El próximo jueves 10 de noviembre a las 19:30 en el Salón del Museo se presentará la pieza, con una conferencia a cargo de Antonio García Omedes. María Puértols Clavero, restauradora, explicará el proceso de recuperación de la policromía y los trabajos de restauración llevados a cabo en el taller del Museo.
El Crismón es una de las piezas que mejor encarna el simbolismo del arte medieval. Es el monograma de Cristo en griego, formado por las dos primeras letras de su nombre, X y P. Se completa con la primera y última letras del alfabeto griego, alfa y omega, que aluden a la infinitud de Dios, principio y fin de todas las cosas. Éstas penden de un travesaño central alusivo a la cruz de Cristo. La S , letra final del anagrama XRISTOS, suele enlazarse con el astil de la P. Esta S también puede hacer referencia al Espíritu Santo, con lo que se otorgaría al crismón un sentido triniario, como afirmación contra las herejías que cuestionaban el Dogma de la Trinidad o de la naturaleza Divina de Cristo.
Todo el conjunto se encierra en un círculo, símbolo de la inmutabilidad y perfección divinas.
Dos ángeles sujetan el crismón mientras pisan dos seres fantásticos que encarnan el mal. Se trata de mandícoras.
Los crismones suelen colocarse en los tímpanos de las portadas románicas y por ello, la pieza presenta a menudo forma semicircular. El de Barbastro, del cual se desconoce la ubicación para la que fue realizado, tiene forma rectangular.
Los crismones más antiguos son del siglo XI y se usarán hasta el siglo XIII, época en la que se realizó el de Barbastro.
Entre otras particularidades, en el centro, inscrito en el interior de una estrella de ocho puntas, hay un Agnus Dei, Cordero de Dios, que representa la inmolación por antonomasia, rememora el cordero pascual que salvó a los primogénitos judíos en Egipto, el cordero del Sacrificio de Isaac y es citado en el Apocalipsis, para representar a Cristo, muerto y resucitado.
La pieza destaca por la calidad de la talla, de gran profundidad, su finura de ejecución y su preciosismo. Pero sin duda, lo que más llama nuestra atención es la policromía con la que ha llegado a nosotros.
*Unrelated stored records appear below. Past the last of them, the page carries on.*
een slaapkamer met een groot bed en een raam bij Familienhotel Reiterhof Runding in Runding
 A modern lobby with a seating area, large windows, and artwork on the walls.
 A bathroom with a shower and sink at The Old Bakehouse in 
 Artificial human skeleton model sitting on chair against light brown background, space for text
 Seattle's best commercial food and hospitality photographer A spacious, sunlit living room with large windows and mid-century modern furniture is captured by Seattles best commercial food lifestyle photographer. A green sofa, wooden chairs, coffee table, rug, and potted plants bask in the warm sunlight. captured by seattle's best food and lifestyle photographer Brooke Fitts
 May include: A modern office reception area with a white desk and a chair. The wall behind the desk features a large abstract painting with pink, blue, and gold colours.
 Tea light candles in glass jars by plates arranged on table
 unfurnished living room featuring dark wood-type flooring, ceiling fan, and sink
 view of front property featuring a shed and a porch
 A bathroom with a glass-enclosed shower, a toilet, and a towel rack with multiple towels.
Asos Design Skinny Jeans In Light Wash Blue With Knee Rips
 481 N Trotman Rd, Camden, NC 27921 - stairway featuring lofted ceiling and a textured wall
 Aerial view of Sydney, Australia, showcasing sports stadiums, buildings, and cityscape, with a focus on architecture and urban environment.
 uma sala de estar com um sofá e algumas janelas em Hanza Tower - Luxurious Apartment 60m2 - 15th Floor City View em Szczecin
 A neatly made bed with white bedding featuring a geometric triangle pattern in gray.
Aunque no es la original del periodo románico, nos aproxima de manera muy fiel al aspecto que debían presentar los templos medievales, que no se daban por concluidos hasta que columnas, portadas, canecillos y capiteles, hubieran recibido la decoración pintada. Acostumbrados a los muros desnudos de piedra vista, esta pieza, que vibra con la intensidad de sus azules y rojos y con el brillo de los oros, supone una pequeña ventana por la que podemos asomarnos al mundo medieval.